Dezan Shira & Associates Partners Annual Meeting 2018

Dezan Shira & Associates Partners, L-R: Adam Livermore, Chris Devonshire-Ellis, Sabrina Zhang, Alberto Vettoretti.

The Dezan Shira & Associates Partners have just held their initial 2018 annual meetings, the first in a series of three during which the business performance is analyzed, future needs are assessed, and budgeting is begun for 2019.

Overall revenues

The firm has said it had an increase of revenues across the board during 2018, with China improving by 9 percent, against Chinese GDP growth of 6.5 percent, India revenues increased by 10 percent, while Vietnam showed a significant leap of a 35 percent revenue increase, based on what the firm describe as an “overall FDI improvement into the country, increasingly being seen as an alternative to China”. These increases are significant as the practice has a sizeable footprint in these markets. In markets new to the firm, revenues shot up by 100 percent in Thailand, 150 percent in the Philippines and 400 percent in Indonesia.

“These are early stage development figures”, says Chairman Chris Devonshire-Ellis, “however they point to ASEAN being an increasingly large generator of growth and recipient of international FDI”.
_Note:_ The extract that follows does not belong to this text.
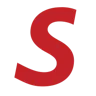 123Ink logo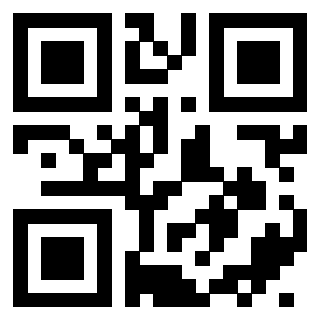 3401757485 - Immagine del QrCode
Prospects of US-China Trade War, US reshoring trends

The practice’s China Managing Partner, Alberto Vettoretti, just returned from the annual meetings of the Leading Edge Alliance, held in San Diego. Attended by several hundred partners of US firms, discussions were held concerning the prospects of the US-China trade spat becoming worse. The overall view was that while US President Trump may be bellicose in his approach, China’s President Xi would agree to concessions being made as long as this was conducted in a manner that did not permit him to be seen as weak. The trade dispute was likely to be over by Q1 or latest Q2 next year, it was felt. Consequently, the firm feels no strategic action is required to minimize any China downturn, and in any event the practice has a strong alternative China option in possessing numerous service offices in ASEAN.

The issue concerning US manufacturers returning from Asia to the US was raised, with no US firms reporting any American businesses returning to the US. The concept was written off as “alarmist” and “untrue”.

Opportunities after Brexit

It was felt that the UK would leave the EU in March 2019, and noted that British businesses had already begun preparing for this. UK investment into non-EU markets had increased significantly in 2018, with China showing a huge 169 percent increase in FDI from the UK.
ASEAN and India also showed large increases of foreign investment from the UK, as did Russia. It was felt this trend would continue regardless as British businesses needed to hedge against uncertainty and invest elsewhere. The creation of a Dezan Shira & Associates presence in London to cater for this was discussed, with a final decision to be made in March 2019.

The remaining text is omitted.